((

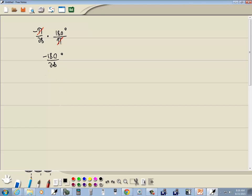Now this can simplify. They're at least both divisible by 4, maybe more than that. Negative 16, negative 45 over 7 degrees.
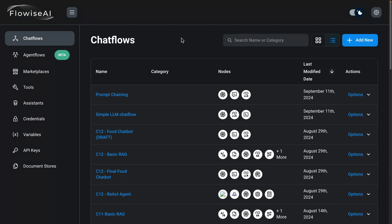In this demo, we're going to be using FlowWise AI to compose a chat flow that applies the concept of prompt chaining. You need to go to FlowWise — you should be running this locally already — and what we're going to do is we're going to add a new chat flow.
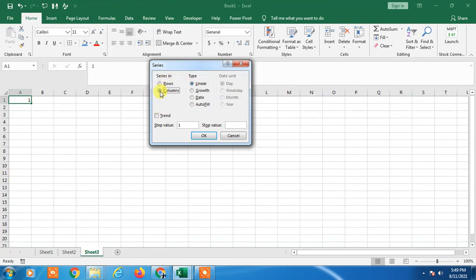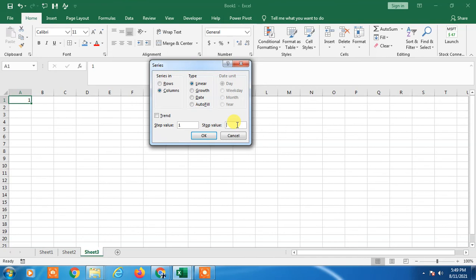Just select Columns. The step value is 1 and the stop value you should enter is the value where you want to stop. So I just entered thousand, so at thousand it will stop. Just click OK.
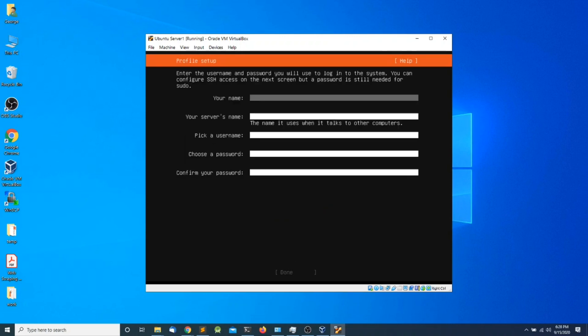In this section we need to enter our user credentials. I'm going to give my username the name John Smith, but you can use whatever name you want. Make sure you remember the username and password, and I'm going to press Tab.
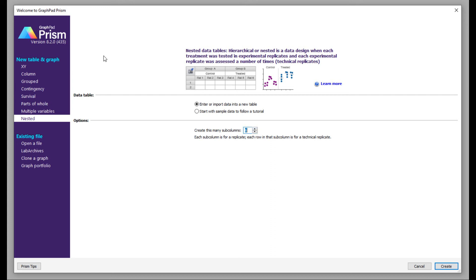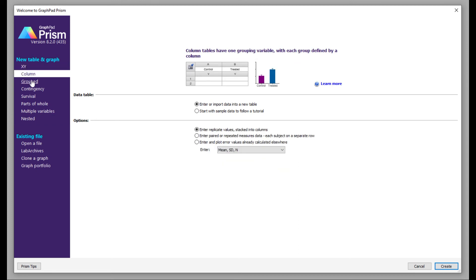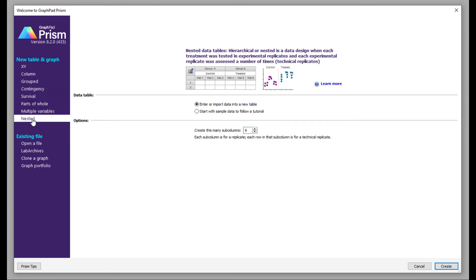In this series I'm going to show you how to plot XY, column, group, contingency, survival, parts of whole, multiple variable, and nested plots using simple datasets for all these options available in Prism. This will be really helpful if you are starting your PhD or want to go into research — this will be the starting point for you to plot your data. I will provide a link where to download this software; I am using a licensed version so you might have to buy a license. I would suggest you download the latest version.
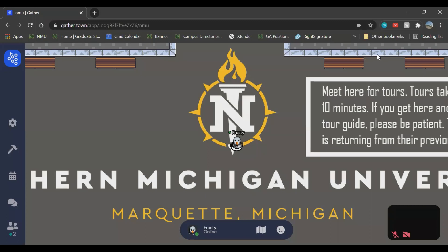So now I've covered a lot of what NMU's virtual campus is and how we can ultimately utilize this space during the celebration of student scholarship. I just wanted to cover, in these last few moments here, some of the technical difficulty troubleshooting tips in the event that you run into issues while using this space.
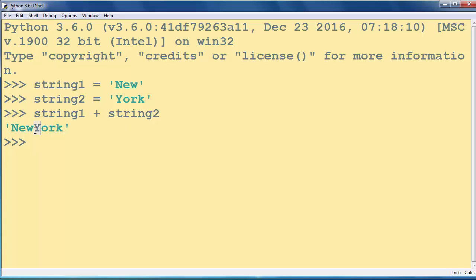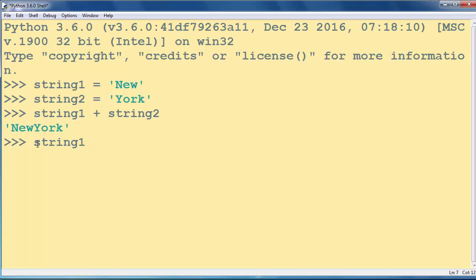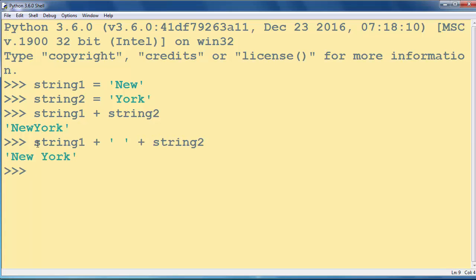If we want to have a blank space between these two words, let's concatenate first string with blank space and with second string. And we will get this new string.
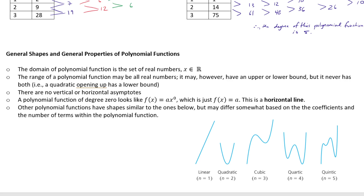Moving on to the general shapes and properties of polynomial functions: the domain of a polynomial function is the set of all real numbers, so all polynomial functions span all x-values. The range may be all real numbers, however it may have an upper bound or a lower bound — but never both. For odd-degree polynomials like linears and cubics, the range spans all real y-values, while even-degree polynomials may have an absolute minimum or maximum.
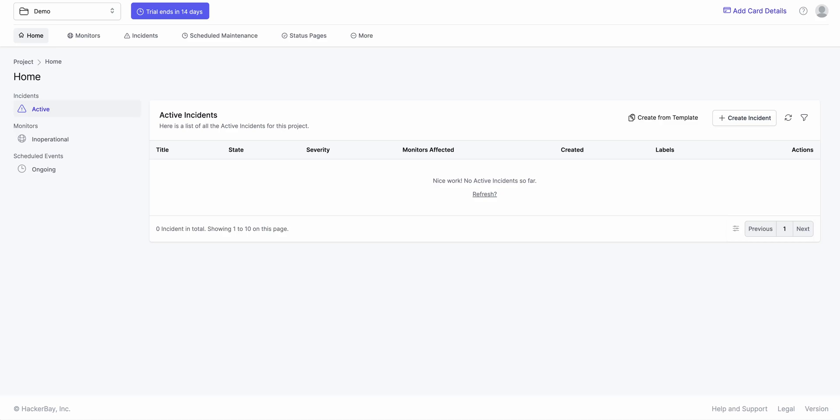Hi, here's a quick demo of workflows in 1UPtime. Workflows let you integrate 1UPtime with any software system you have out there.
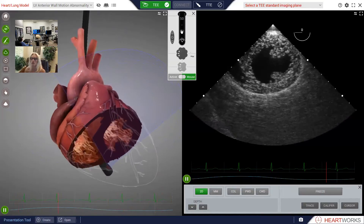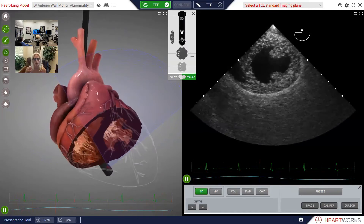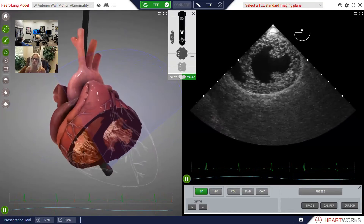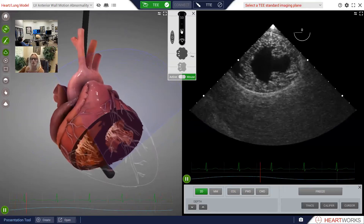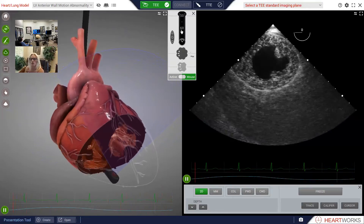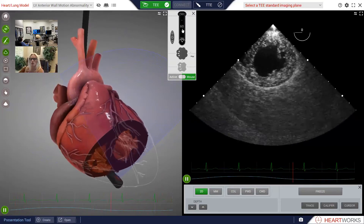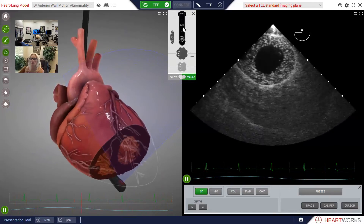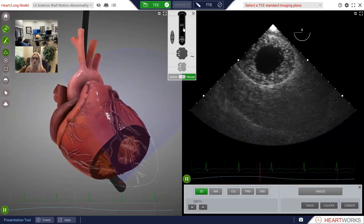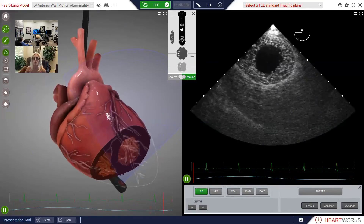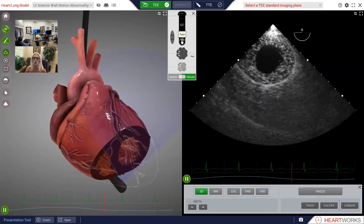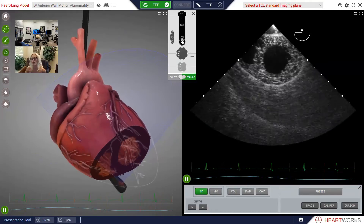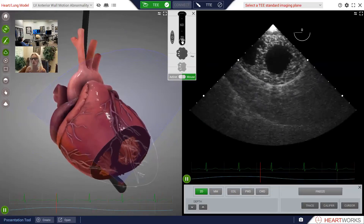Now we're looking at a transgastric mid-papillary short axis view. The view that we want is actually somewhere between this view and a deep transgastric view. So go ahead and carefully push in the probe just a bit further until the papillary muscles almost disappear — maybe about right there. I think that's nice.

))

Beginning with the first entry above, reproduce every line verbatim until the line with "In this demo, we're", which is included too; omit pictures.

→ **Task result**
Now this can simplify. They're at least both divisible by 4, maybe more than that. Negative 16, negative 45 over 7 degrees.
In this demo, we're going to be using FlowWise AI to compose a chat flow that applies the concept of prompt chaining. You need to go to FlowWise — you should be running this locally already — and what we're going to do is we're going to add a new chat flow.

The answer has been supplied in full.